Friday, August 24, 2007

A peppercorn ransom.

Today, August 24th

History, they say, is written by the victors. In the case of ancient history, it is also often written long after the event, and therefore of dubious accuracy especially when it comes to such specific things as calendar dates. To clinch the pre-story disclaimer, I would like to remind you, faithful readers, that a real historian I am not. I do not know exactly if this is the anniversary of the final sacking of Rome by Alaric the Visigoth (damn fine name, that, for a conqueror) 1,597 years ago. Either history or legend says that it is, and either will serve us well enough for introducing the topic of pepper – and particularly its price and value.

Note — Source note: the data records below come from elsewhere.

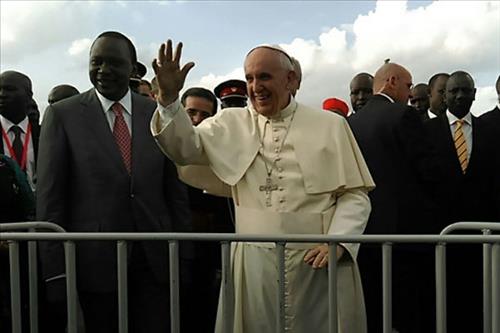 아프리카 첫 순방에 나선 프란치스코 교황이 25일(현지시간) 케냐 수도 나이로비의 조모 케냐타 국제공항에 도착한 뒤 환영하는 인파에게 손을 흔들고 있다.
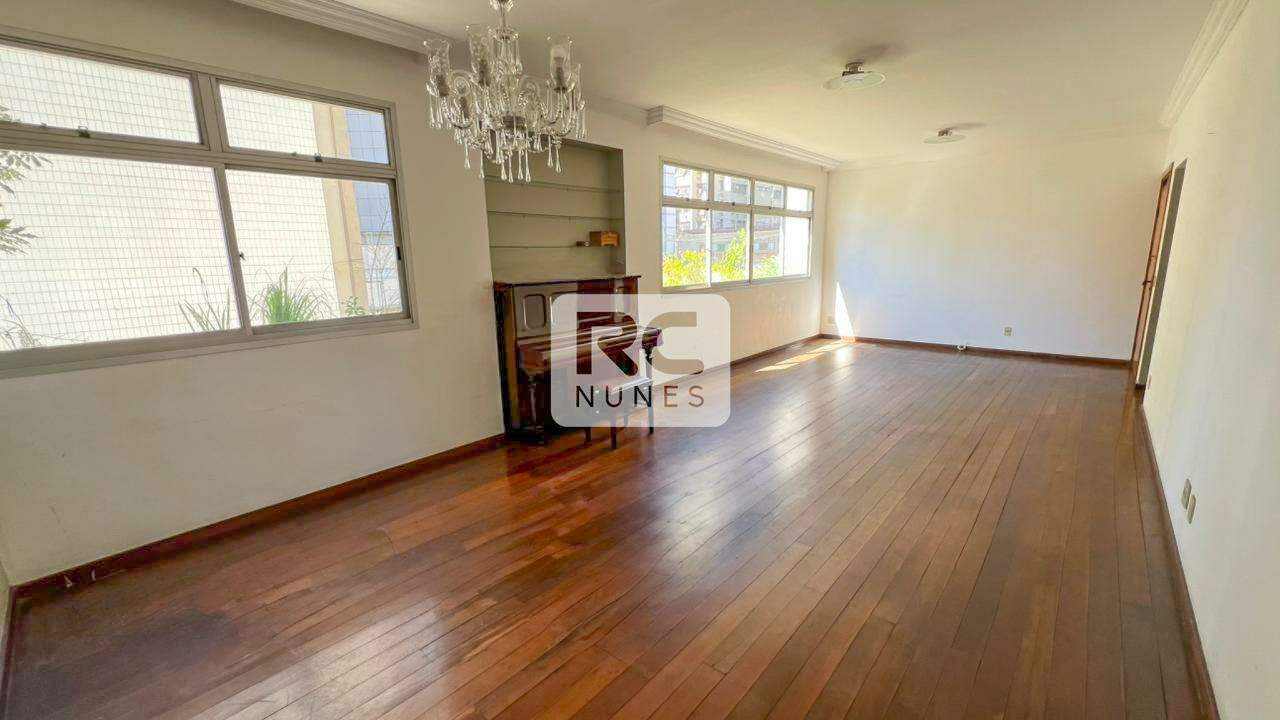 Apartamento à venda no Funcionários: 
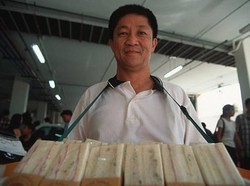 Dulunya Hidup Mewah, Miliarder Ini Kini Jualan Roti di Pinggir Jalan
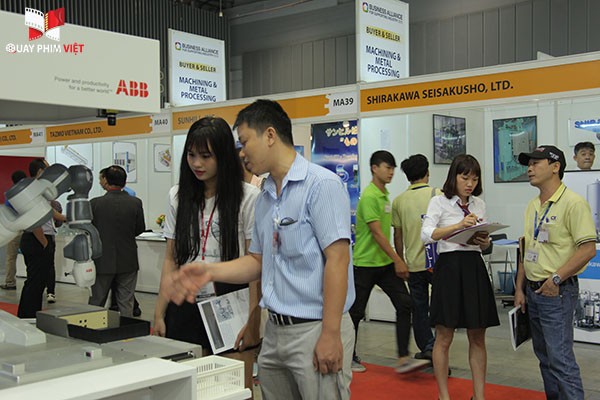 Lí do nên quay phim tự giới thiệu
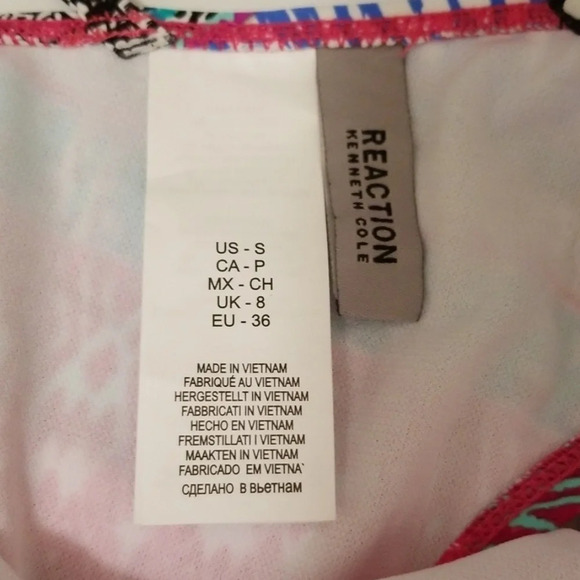NWT Kenneth Cole Reaction Swim Bottoms S - Picture 5 of 8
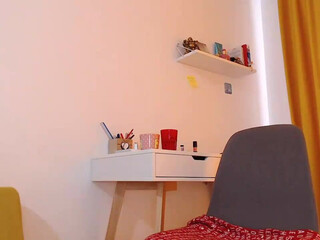 amy_4u Shrew babe kurolesit in the office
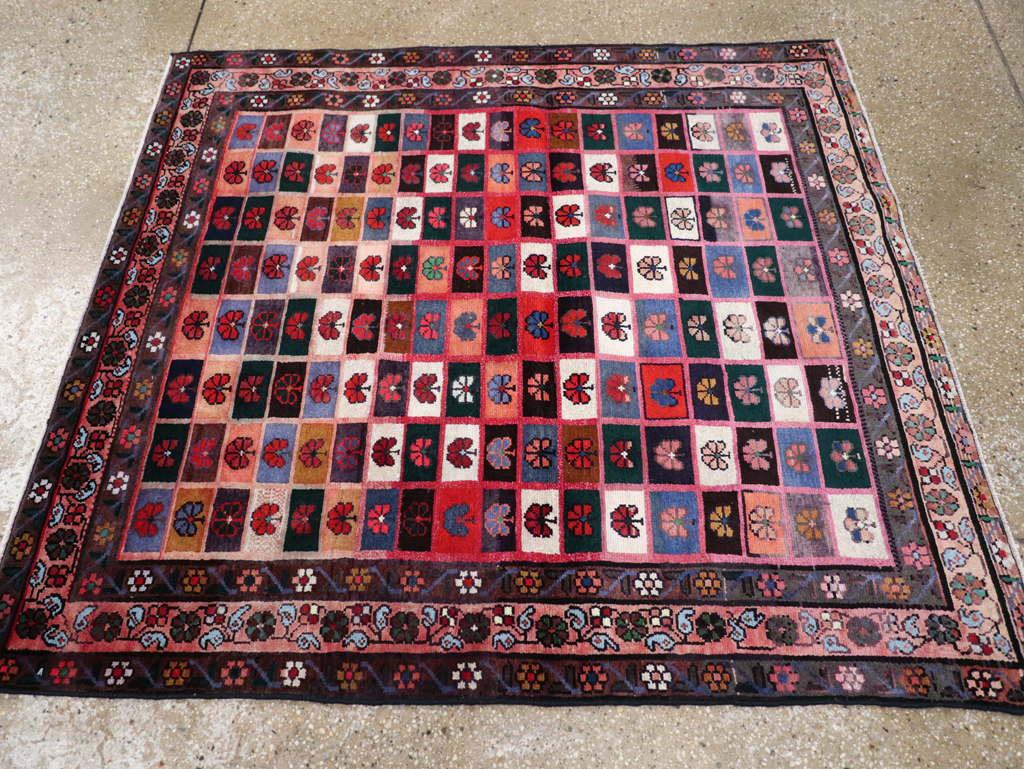 Vintage Persian Mahal Rug, No.28913 - Galerie Shabab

By the year 410 the barbarian (Alaric) was literally at the gate of Rome, the hub of a now crumbling empire. His ransom, it is said was the usual victor’s demand of land, gold, silver etc – and also 3,000 pounds of pepper. Certainly, the Visigoths were hungry, but the pepper was not to spice up the spoils of their pillaging and foraging. Pepper was an enormously valuable spice (at times it was literally worth its weight in gold), and was often actually used as currency.

The love of pepper seems to be part of being human – and it has been suggested that we have learned to like spices because they are good for us. ‘Spice’ is a culinary term, not a botanical one, and the foods we call ‘spicy’ are plant foods, and it seems that the ‘spiciness’ we perceive comes from chemicals which plants have developed as defence mechanisms against insects and infecting agents. The theory is that when we eat these foods, we are ‘borrowing’ some of the protective ability, thus conferring an evolutionary advantage over our more culinarily-challenged human competitors. We are all familiar with the general theory of anti-oxidants, but here is also some tantalising (but as yet unconfirmed) evidence for specific foods being protective of specific diseases – cinnamon in diabetes and turmeric in dementia for example. So, if you needed any excuse to eat Indian food, there you have a new one: it may well be good for your health.

The intense desire for spices drove much if not most of the early voyages of discovery and conquest. Pepper originated in India, in what is now called Kerala, and it has been traded since very ancient times – to this day is the most widely traded spice in the world. Alaric would have been confident that the Romans would have had good stocks of pepper - they clearly loved the spice: in the only surviving Roman cookbook De re coquinaria it is used in 349 of 468 recipes. They even used it in sweetmeats.

Home-made Sweets (Dulcia Domestica)
Little home confections (which are called dulciaria) are made thus: Little Palms (or as they are ordinarily called) Dates are stuffed – after the seeds have been removed – with a nut or with nuts and ground pepper, sprinkled with salt on the outside and are candied in honey and served.

And we think that salted toffee is a new fashion!

Also from this cookbook: we have previously featured recipes from this book for Flamingo , and for Green Sauce for Fowl, and Stuffed Dormouse.

Monday’s Story …

Roots, by request.

Quotation for the Day ….

The army from Asia introduced a foreign luxury to Rome; it was then the meals began to require more dishes and more expenditure . . . the cook, who had up to that time been employed as a slave of low price, become dear: what had been nothing but a m├ętier was elevated to an art. Livy (Titus Livius), Roman historian (59-17 B.C.)

3 comments:

Liz & Louka said...

I'm going to have to try those dates - they sound interesting and good. Do you think they would have been using fresh dates or dried ones?

Jack said...

The desire and need for spices is indeed more than culinary. Civilizations closer to the equator, where bacteria grow more quickly, use more spices. In cooler climates, less spice is used. It is interesting to note that women change their diets little during pregnanacy in cold climates, but drastically in warm climates. Spices are good for killing bacteria and masking food spoilage, but are not good for the pregnancy, in any climate.

The Old Foodie said...

Hello Jack - that is interesting information about pregnancy diets. I suspect that part of the reason that more spices are used nearer the equator is that that is where an awful lot of them are grown! I am very interested in finding out more about the theory of an adaptive liking for spices - I love the idea.